The terms “brotherless, disrespectful, and indecent” aptly describe Russia’s attack on the Ecumenical Patriarchate, according to Elder Metropolitan Apostolos of Derkoi. Commenting on the accusations directed against Ecumenical Patriarch Bartholomew, the Metropolitan observed that this is far from an isolated incident. “This is not the first time,” he noted, “that Moscow, together with its deep state and using the SVR as an instrument, has launched an attack against Ecumenical Patriarch Bartholomew in a brotherless, disrespectful, and indecent manner.”

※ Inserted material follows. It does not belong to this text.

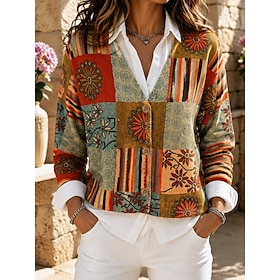 Women's Sweater Cardigan Elegant Vintage Fashion Floral Geometric Striped V Neck Patchwork Pocket Knitted Long Sleeve Regular Tops Knit Daily Outdoor Weekend K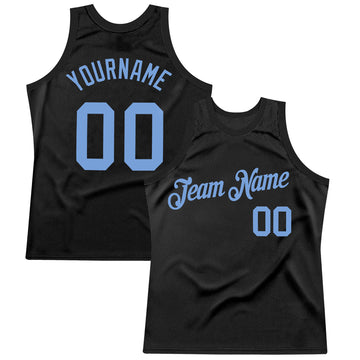 Custom Black Light Blue Authentic Throwback Basketball Jersey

He said that, on this occasion, the Russian Foreign Intelligence Service (SVR), prompted by the official state apparatus and the Church aligned with it, deployed a “remote-controlled bombshell.” “Not,” he clarified, “like the one used to strike an apartment building and a playground in Kharkiv, Ukraine, killing six people and injuring at least fifty-five, among them a fourteen-year-old girl. Not like that bomb with which they hit a maternity hospital in Mariupol, Ukraine, and, among other things, fatally injured an unfortunate pregnant woman and with her and her child she was carrying, “he added: “This time the SVR drone from the deep state of Russia unleashed a bomb of other technology, ancient and tested.” “The core of this attack,” he said, “is a political–religious mixture of absurd and arrogant claims, threats of every kind, and fratricidal slander.”
“This narrative is not new,” Metropolitan Apostolos of Derkoi continued. “It is directly linked to the ideology of the so-called ‘Third Rome,’ an idea fabricated by Russian political power and imposed upon its instrument, the Church of Moscow.”
“These events demonstrate,” he said, “that the serpent’s egg was hatched centuries ago, and that its venom continues to poison Orthodoxy to this very day.” Metropolitan Apostolos pointed to the year 1448, when ruler Basil ordered the unilateral secession of the nascent Church of Moscow from its Mother Church, the Ecumenical Patriarchate. “An uncanonical synod of Russian bishops was then convened,” he explained, “which elected Archbishop Jonah.”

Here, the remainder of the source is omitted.